As a general rule, you should always elect to take the highest degree of challenge that is appropriate for you. In perusing your high school transcript, the admissions committee will first look for evidence of academic challenge by examining your course selection. Then they look at your grades to determine how well you have performed at that level of challenge. Admissions officers want students who demonstrate a real love of intellectual pursuit, who are very well-prepared for the rigor of college coursework, and who seek challenge rather than avoid it. In response to this same question posed to a Harvard admissions rep, he said something like: “For our type of school, it is always better to take the most demanding courses available even if it means getting a ‘B,’ but we do hope that you get the ‘A!’” Keep that point in mind when building your schedule of courses.

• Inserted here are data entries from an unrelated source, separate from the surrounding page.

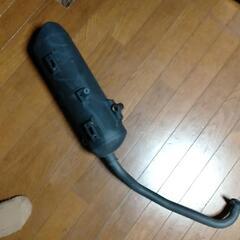 N-MAX125 純正マフラー　美品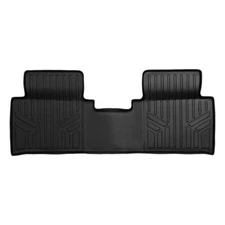 Smartliner Black 2nd Row Floor Liner for Buick Envision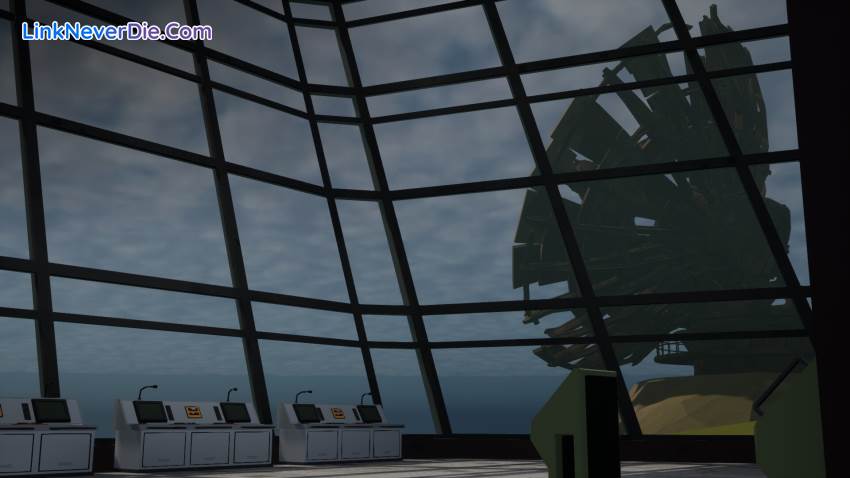 Hình ảnh trong game Project Silverfish (screenshot) Hình ảnh trong game Project Silverfish (screenshot)
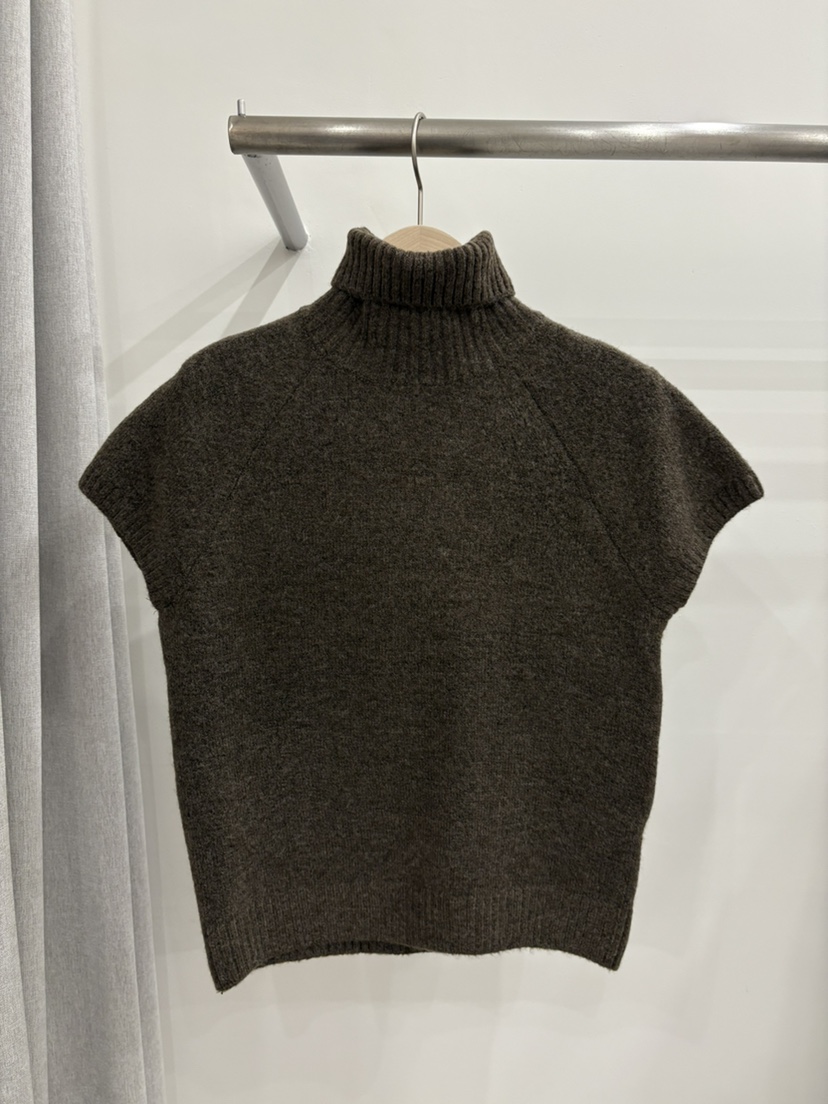 LAI東大門㊣實拍女士新品25秋冬熱賣時尚人氣休閑職業針織衫Lai針織衫圖色3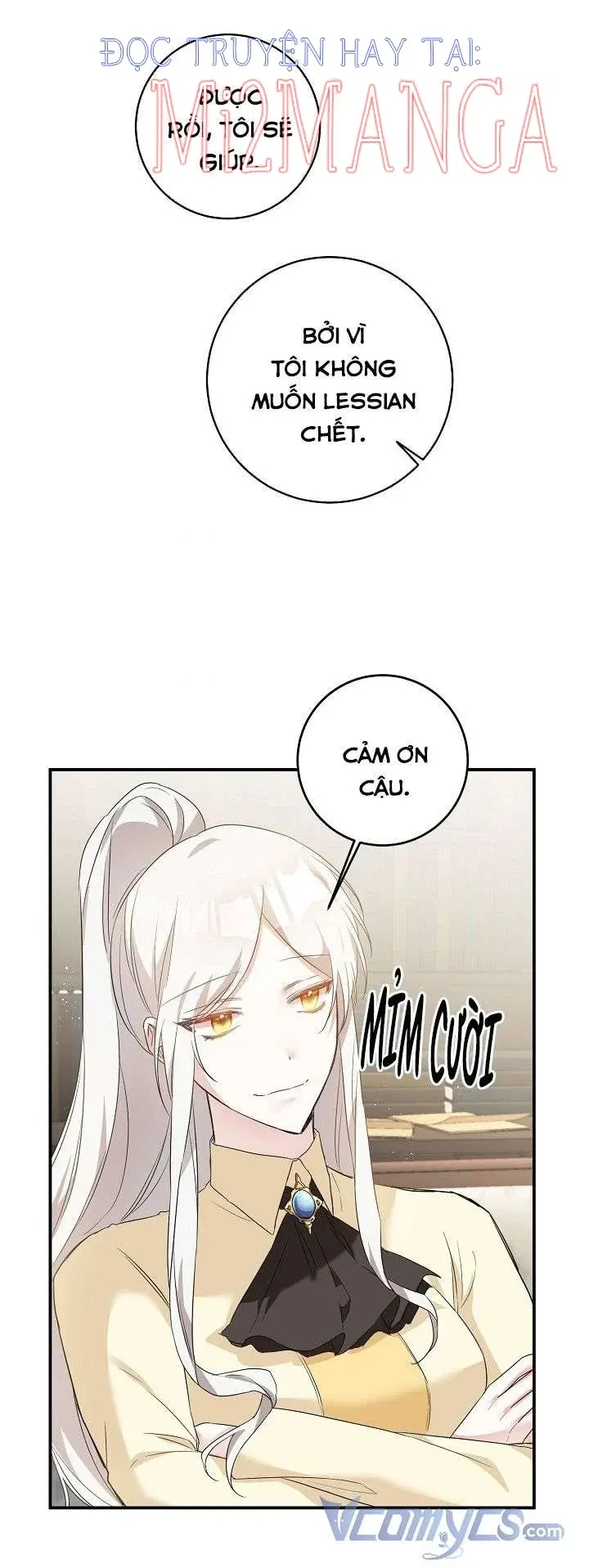 đọc truyện Lý Do Tôi Sống Dưới Thân Phận Ác Nữ Chương 59.5 ảnh 11 tại Thiên Thai Truyện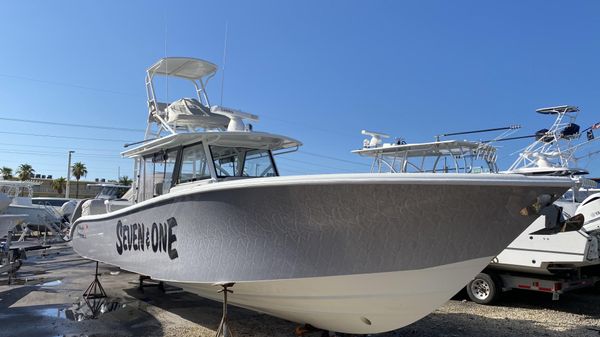 Yellowfin 42 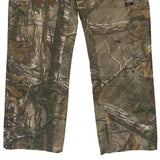 Realtree Camo Cargo Pants - 26W 29L Camo Cotton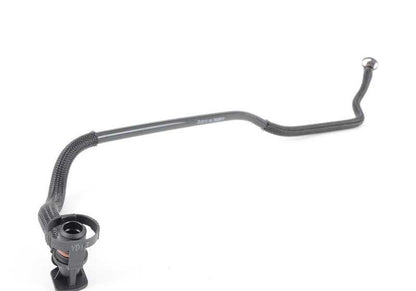 Tubo de ventilación motor OEM 11617838288 para BMW E90 M3, E92 M3, E93 M3. Compatible con versiones VA91, VA92, PM91, PM92, KG91, KG92, WD91, WD92, DX91, DX92. Original BMW.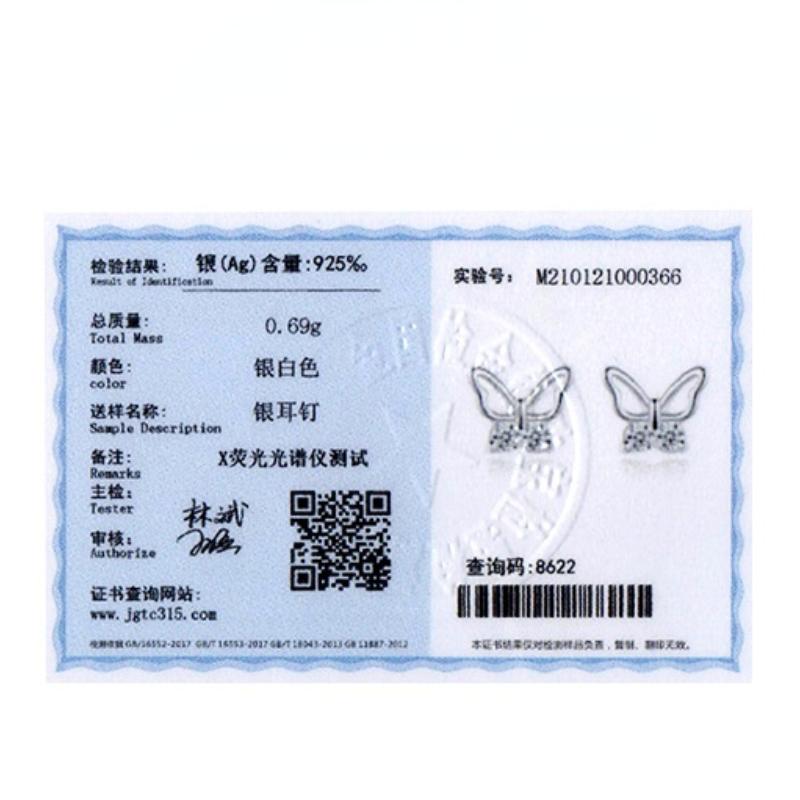 Tancise 925 Sterling Silber Zirkon Ohrringe Tropfen Ohrringe für Frauen Hochzeit Party Geschenke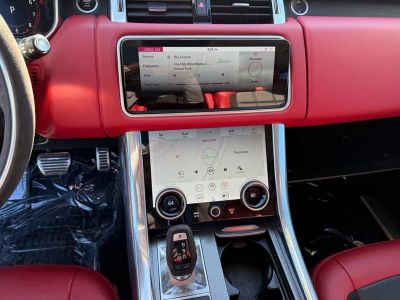 2021 Land Rover Range Rover Sport — photo 21 view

What can you do if you have taken all of the demanding courses available at your high school or your high school doesn’t offer any AP courses?
Your senior year coursework should show a similar degree of intensity of rigor as you have demonstrated in preceding years. Even better, your courses should demonstrate an even higher degree of challenge than in years past.
Sometimes, though, it is not easy to fill your schedule in your last year of high school with challenging coursework, especially if your high school is small and offers only a small number of classes and limited offerings. Even if this is the case, you do have options. You could enroll in classes at a college or a university nearby to supplement your regular high school coursework while earning college credit at the same time. If no college is nearby, you could take an online Distance Learning Course. In addition, you might even approach one of your favorite teachers and ask to do independent study with him/her. Perhaps you could prepare for an Advanced Placement Test on your own in a subject of your interest. If you are whiz in computers, you could study and take the AP exam in computer science. If writing is your forte, perhaps you could prepare for the AP English test. To choose any of these options would require ambition, a trait admissions officers would love to see. You would also be demonstrating your passion for learning and your ability to do college-level work.
Make your high school years count! Do your best! Strive for excellence in all aspects of your high school experience!